Short descriptive text snippets -
************
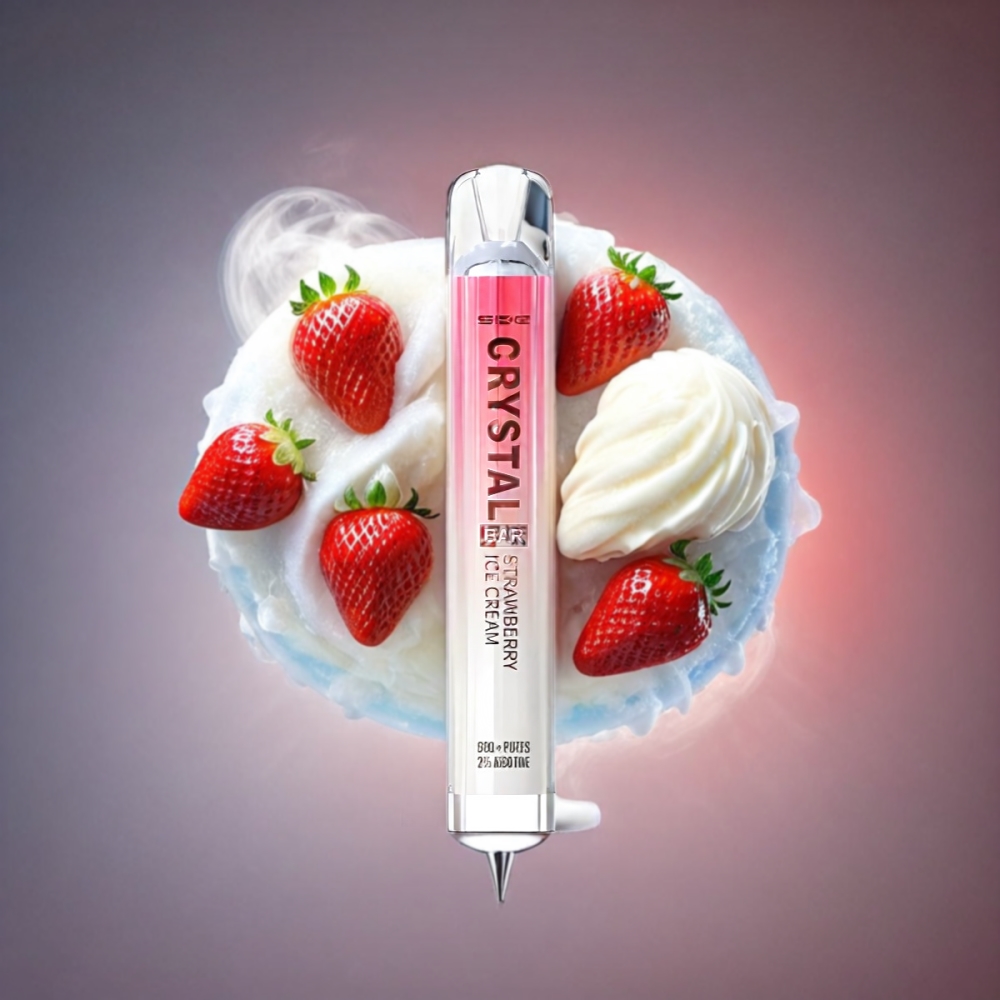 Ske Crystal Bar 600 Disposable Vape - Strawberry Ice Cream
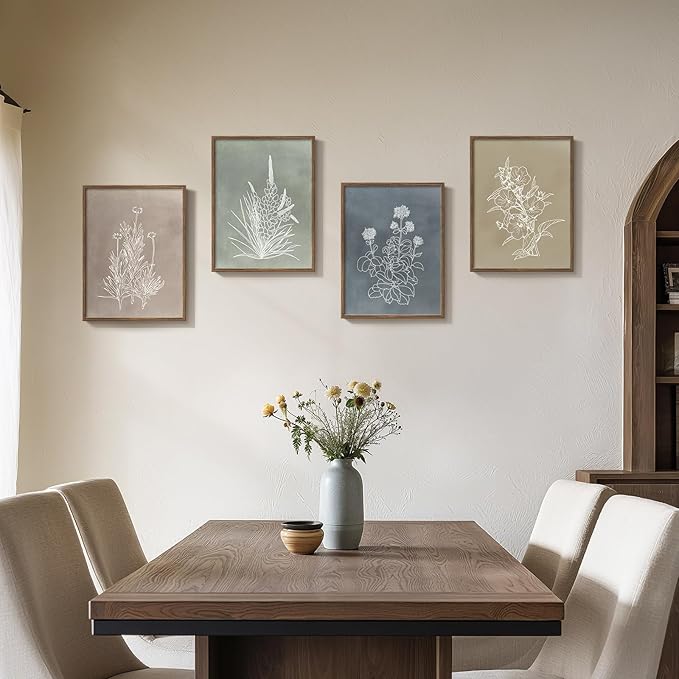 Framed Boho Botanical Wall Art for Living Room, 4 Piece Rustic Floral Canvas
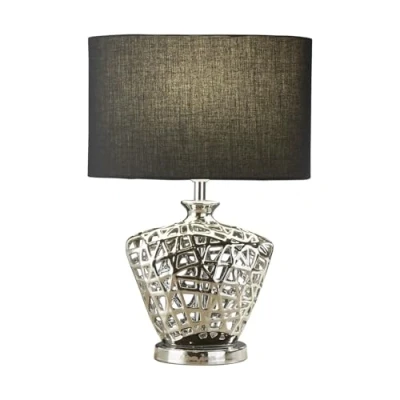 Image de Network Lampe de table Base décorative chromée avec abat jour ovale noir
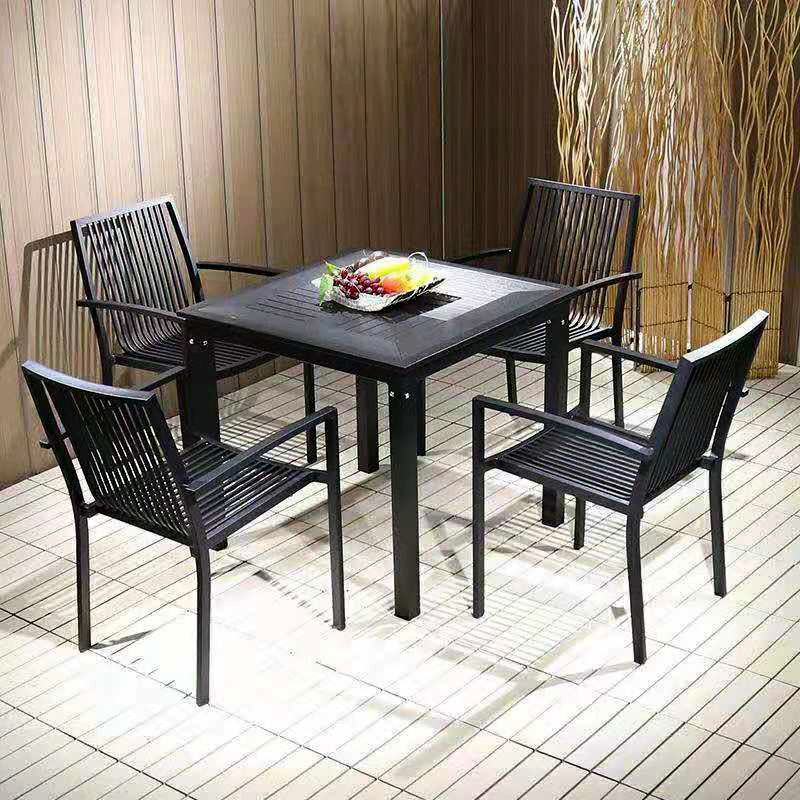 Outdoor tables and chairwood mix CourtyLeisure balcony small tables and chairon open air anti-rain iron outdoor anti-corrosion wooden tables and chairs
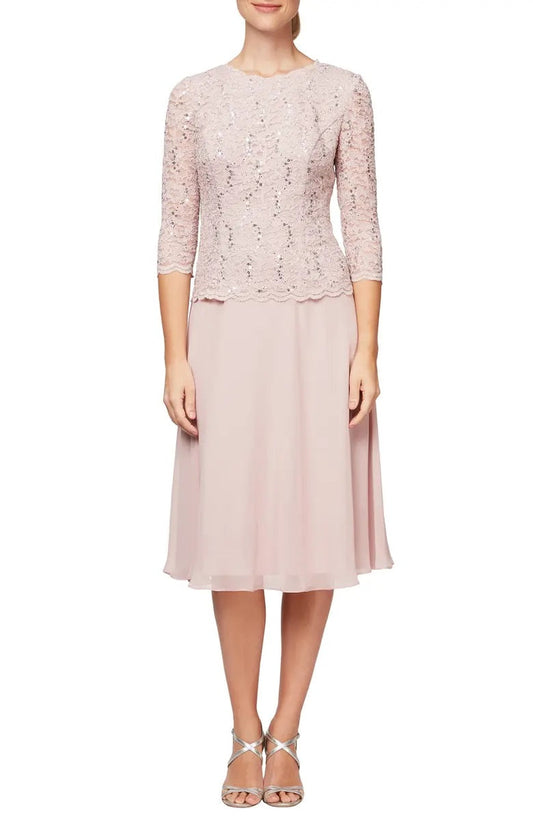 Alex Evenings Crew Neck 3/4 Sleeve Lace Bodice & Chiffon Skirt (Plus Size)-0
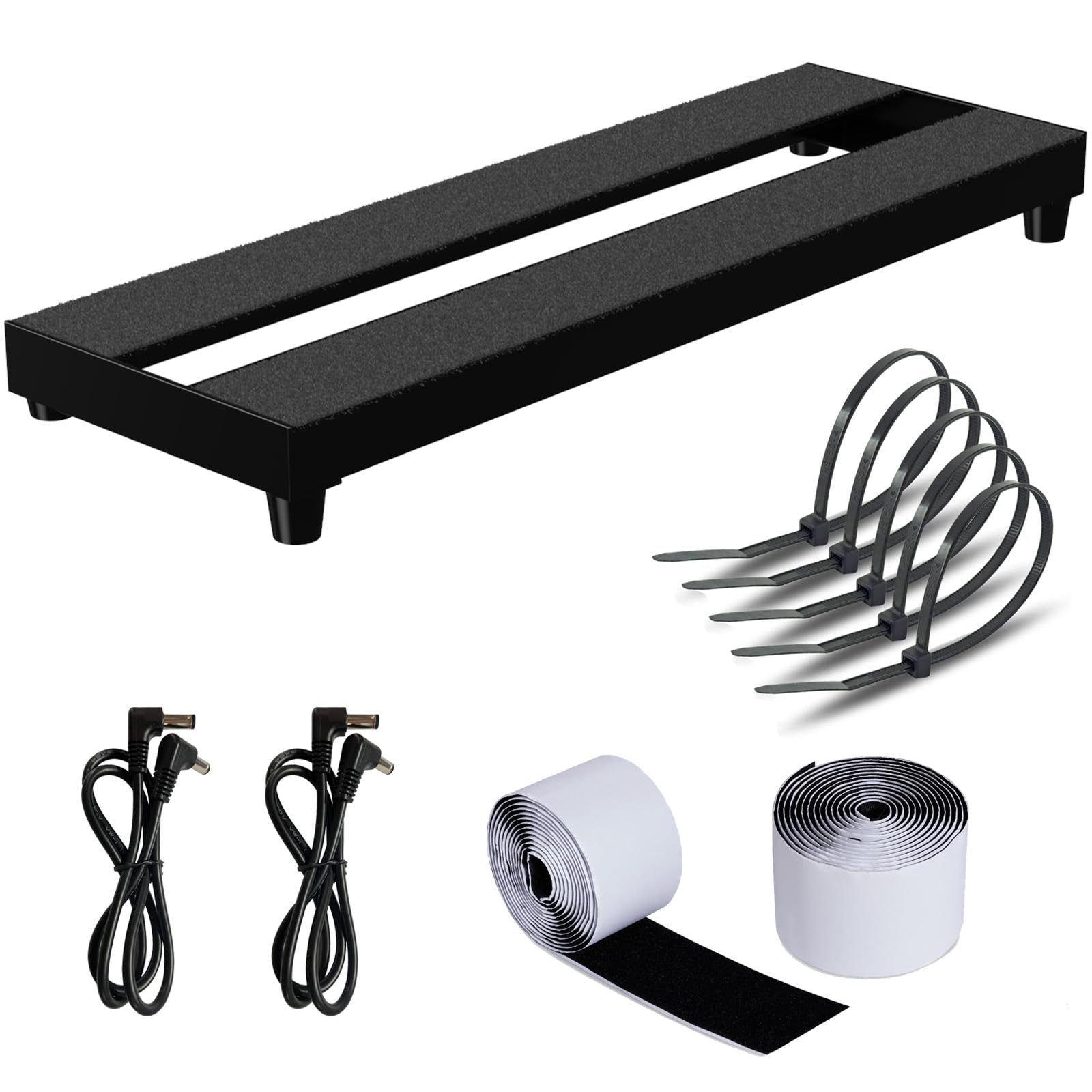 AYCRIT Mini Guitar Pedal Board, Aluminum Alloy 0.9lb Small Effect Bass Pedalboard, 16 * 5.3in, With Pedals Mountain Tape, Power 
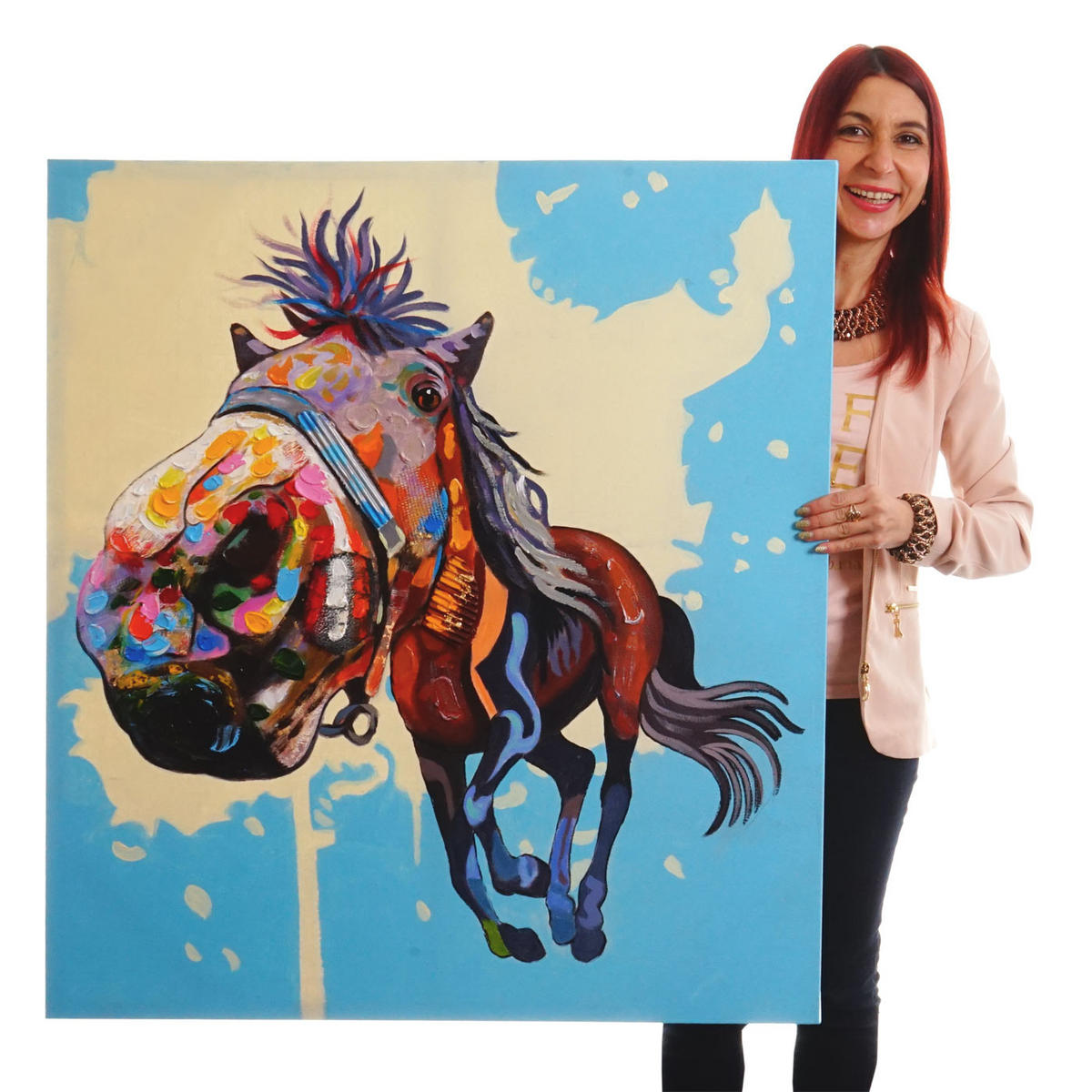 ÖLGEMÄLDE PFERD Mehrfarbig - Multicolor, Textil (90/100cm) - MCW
************
Please transcribe exactly the line containing "AYCRIT Mini Guitar" and every later line through the end of the records above, omitting pictures.

Output below -
 AYCRIT Mini Guitar Pedal Board, Aluminum Alloy 0.9lb Small Effect Bass Pedalboard, 16 * 5.3in, With Pedals Mountain Tape, Power 
 ÖLGEMÄLDE PFERD Mehrfarbig - Multicolor, Textil (90/100cm) - MCW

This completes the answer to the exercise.